**Description of the task**
All pictures are to be omitted while the lines starting at the line with "Коврик прямоугольный с" and ending at the line with "9ct Gold Figaro" in the material below are retyped exactly, both ends included.
═════ Dataset records ═════
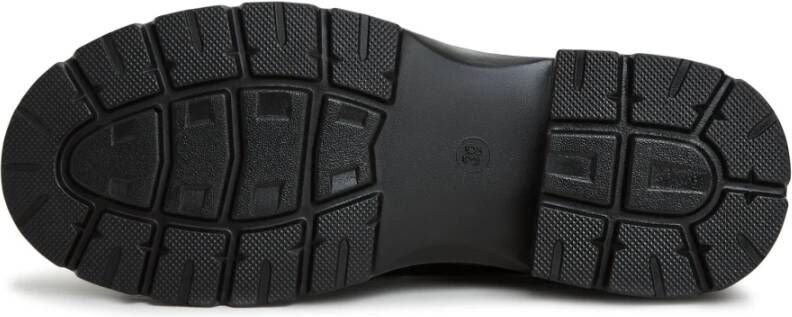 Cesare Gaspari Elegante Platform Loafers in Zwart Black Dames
═════
═════ Dataset records ═════
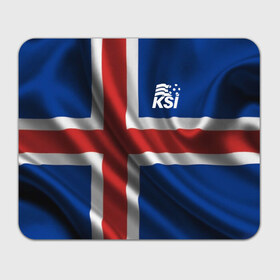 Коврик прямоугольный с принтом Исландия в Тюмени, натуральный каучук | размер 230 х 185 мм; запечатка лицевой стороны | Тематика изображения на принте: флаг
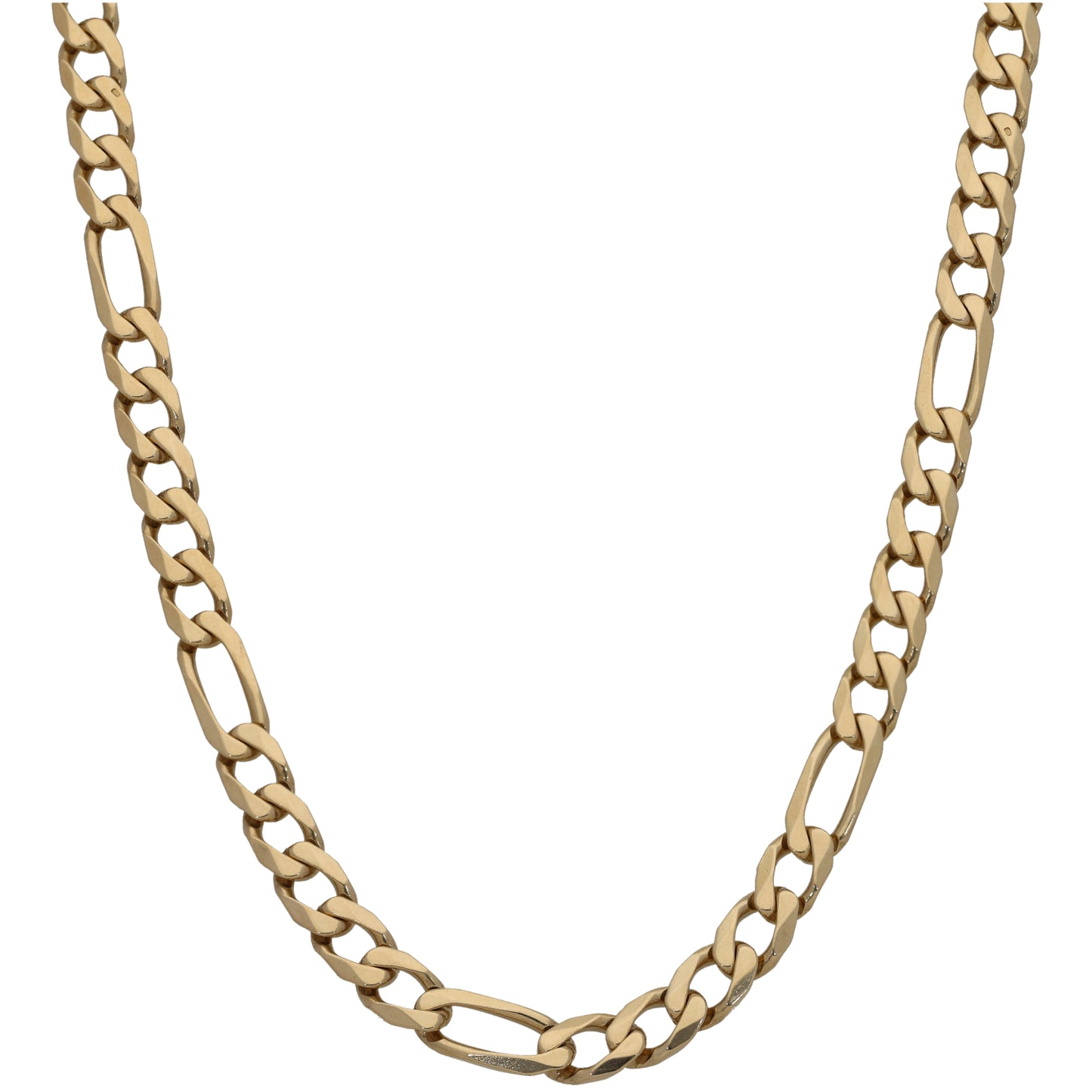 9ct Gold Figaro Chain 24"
═════
═════ Dataset records ═════
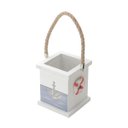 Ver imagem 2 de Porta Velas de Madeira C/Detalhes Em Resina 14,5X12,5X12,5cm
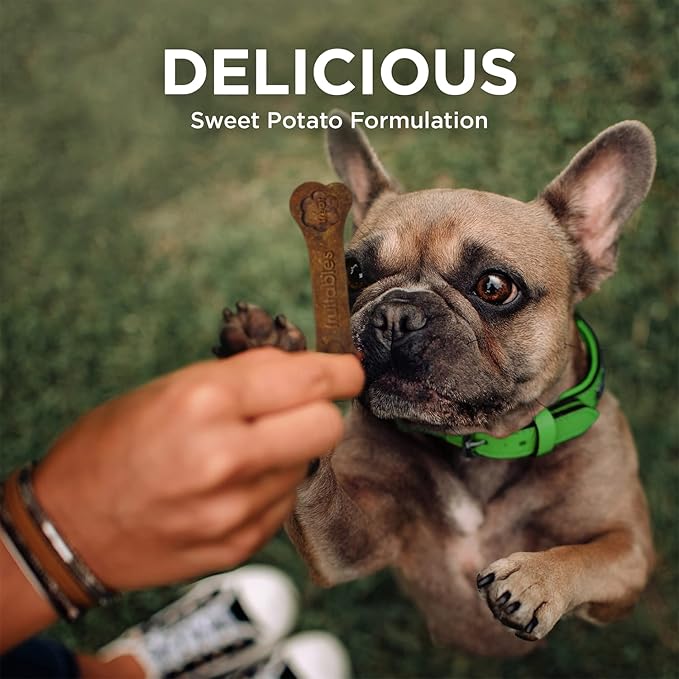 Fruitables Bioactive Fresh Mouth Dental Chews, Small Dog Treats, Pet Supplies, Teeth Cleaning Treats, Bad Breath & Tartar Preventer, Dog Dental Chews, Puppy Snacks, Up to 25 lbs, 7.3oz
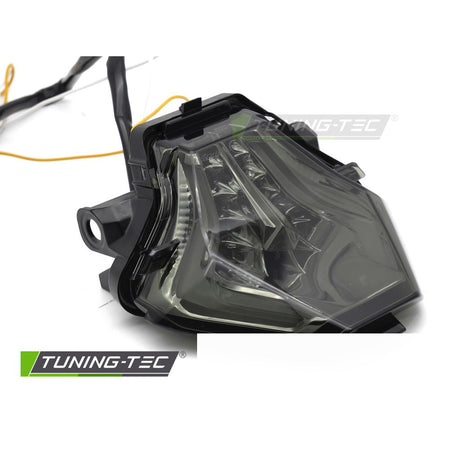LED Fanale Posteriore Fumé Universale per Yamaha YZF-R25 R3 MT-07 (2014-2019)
═════
**Your solution**
 Коврик прямоугольный с принтом Исландия в Тюмени, натуральный каучук | размер 230 х 185 мм; запечатка лицевой стороны | Тематика изображения на принте: флаг
 9ct Gold Figaro Chain 24"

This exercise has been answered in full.